俺は父さんとの修行を終えた後、家に帰り自室でこれからの修行内容についてメモ帳に纏めていた。


 俺が討伐者に登録することができる15歳になるまであと二年。


 この二年の間に鉱魔獣を問題無く狩ることができるように力を付けるためには無駄な道を踏んでいる暇は無い。


 まず一年をかけて格闘術のスキルレベルを上げていき、他の相性が良いスキルが取れた場合はしっかりと調べて理解度を上げることに努めること。


 それに加えて原初のガントレットを普段の修行でも使えるようにすることを目標にしよう。


 ――それからは宿屋の手伝いをしながら毎日のように訓練施設に通い詰める修行の日々を送っていった。


 まず始めたことは写し身スキルを利用した正しい身体の動かし方だ。


 初めての修行のときにストックした〈父のサンドバック打ち込み〉を再生しながらサンドバックにひたすら打ち込み、精度を高めながら一区切りのタイミングで父さんに自分の動きを見せて次の動きのストックを溜めさせてもらい、再現するということを繰り返した。


 ストックは一つずつ着実に積みあがっていき、外が暑く太陽が地面を照りつける時期になった頃にはストック数は20を超えていた。

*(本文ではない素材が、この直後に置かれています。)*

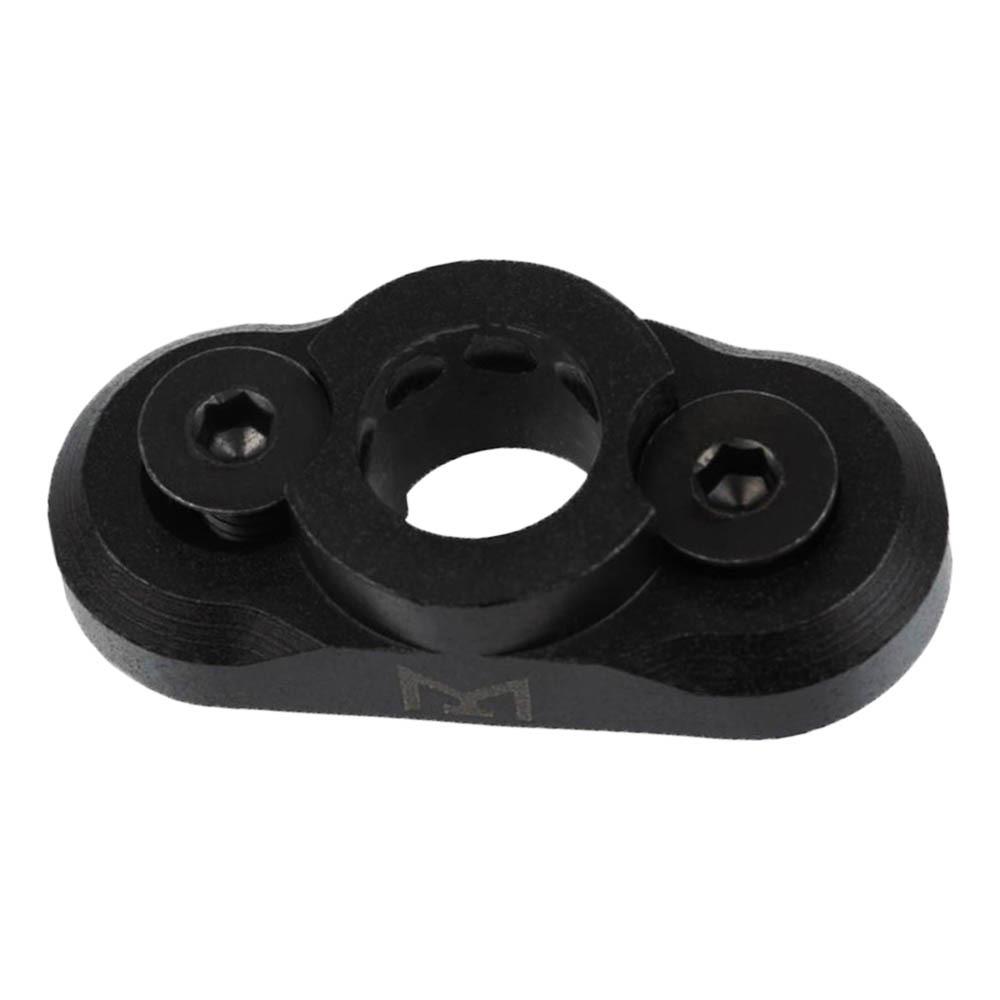 Allen Tac Six Citadel QD MLOK Weapon Mount Black - View 2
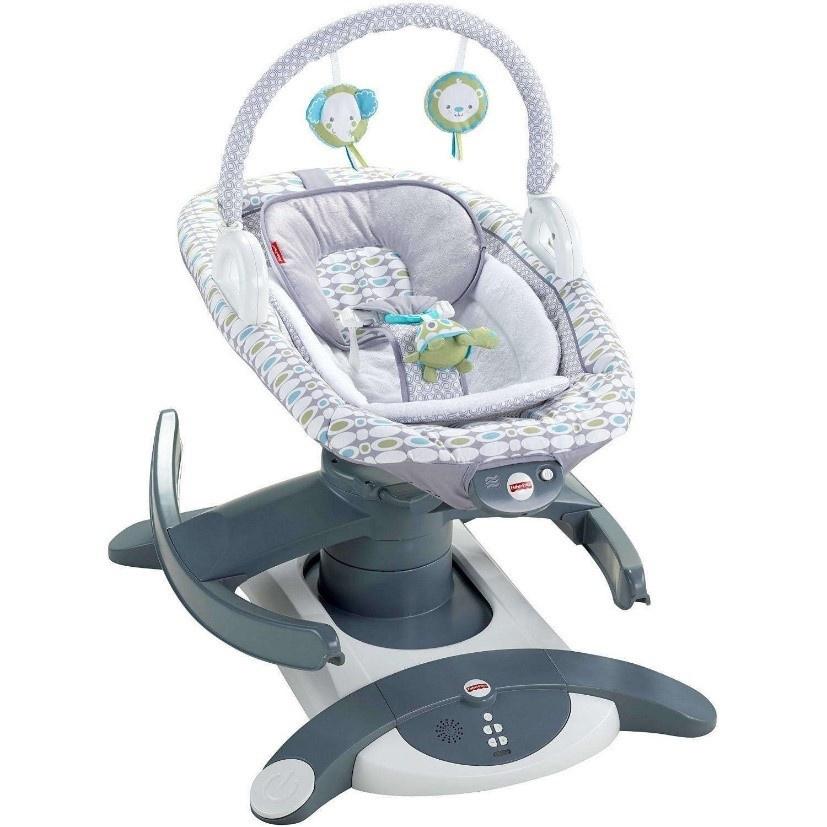 Fisher-Price Recall Shows Again Why Company Actions And Values Should Be In Sync - Vimarsana News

「ストックが増えてきたし色々な動きも再現できるようになってきたな!格闘術のレベルも上がってきたし、筋力も増えてきた。あれに挑戦するか」


 動きの再現に一区切りをつけた俺は、ルミナさんの本に書いてあった『崩魔拳術』という複合武術に取り組むことにした。


『神導武器大全 出力=ガントレット』の本を取り出して該当のページを開く。


 詳しい内容をしっかりと読み取り、持ってきていたメモ帳に書き出す。


 ━━━━━━━━━━━━━━━━━━━━

『崩魔拳術』


 崩魔拳術は無属性の魔力を拳に纏わせて相手を殴るということが前提となりそこから型ごとに派生していく拳術である。


 Ⅰの型は両手に魔力を纏った拳同士を打ち合わせて自身の内部に無属性魔力を流し込み肉体強度を上げる。


 Ⅱの型では手に纏った無属性魔力を操作し、魔力で形成した波を相手に流し込むことで内部から破壊する。


 そして、Ⅲの型では自身の持つ他の属性魔力と無属性魔力を融合させることで大きな破壊効果を拳に持たせて相手の内部に力を流し込むことで防御を無視して相手を崩壊させる。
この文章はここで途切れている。